2. Guard Your To-Do List
A second step in avoiding over-committing yourself is to guard your to-do list and every appointment that you add to your schedule. If you are efficient at tracking your daily tasks and appointments, then when your manager asks you to handle a new assignment, you will know whether or not you are able to work on it. Tracking your daily tasks and appointments also shows you in a visual format when you have completely filled your schedule. When something is written out, there is no room for hiding the facts. You need to be brutally honest with yourself about what is filling your work day and what is wasting your time. This article provides guidance on creating a functional to-do list in order to better manage your time.

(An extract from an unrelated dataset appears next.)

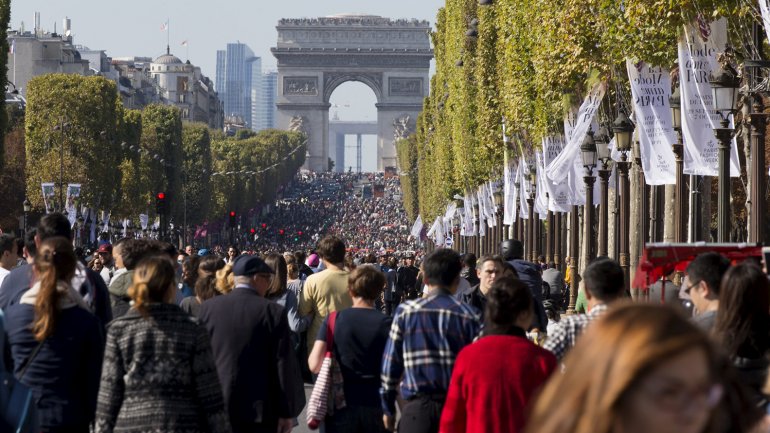 Miles de personas se concentran en París en defensa del medioambiente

3. Know Your Own Limitations
In my experience, there have been times that I’ve taken on a project before completely thinking it through and what the negative ramifications on my time would be. It is important to know your own limitations in order to avoid over-committing yourself. The first part of this step begins with assessing your skillset and understanding your strengths and weaknesses. This article provides helpful resources as well as guidance in developing an action plan so you can correctly assess your job skills development. When you are tasked to work on a project that is outside your area of expertise, that can cause you to feel overwhelmed, stressed and over-committed. Learn how to understand your limitations, seek out opportunities to grow and work with your manager to assess the workplace situation.
4. Find a Balance
All of this discussion on saying “no” is not meant to advise that you should decline every new project and never seek to achieve lofty goals. Rather, you need to find a balance in accepting new tasks and rejecting the ones that you cannot handle. Never use “no” as a scapegoat for not wanting to grow and develop as a professional. Sooner or later, your manager will see through that behavior and you risk getting written up or worse, fired. Avoiding over-commitment is not about avoiding any commitment at all. You must find a symbiotic balance between your skillset, time allowance and career goals—and then work within those boundaries. Remember, that saying “no” should be specific to each situation and not a blanket statement that you throw out there like a child throwing a tantrum.
Avoiding over-committing yourself is all about finding balance in life and knowing who you are as a person. Be true to yourself and what you are capable of accomplishing. Learn how to become more goal-oriented and track your daily tasks and schedule. Professional growth and development is a process, so be open to the necessity to make changes each day as you learn how to avoid over-commitment.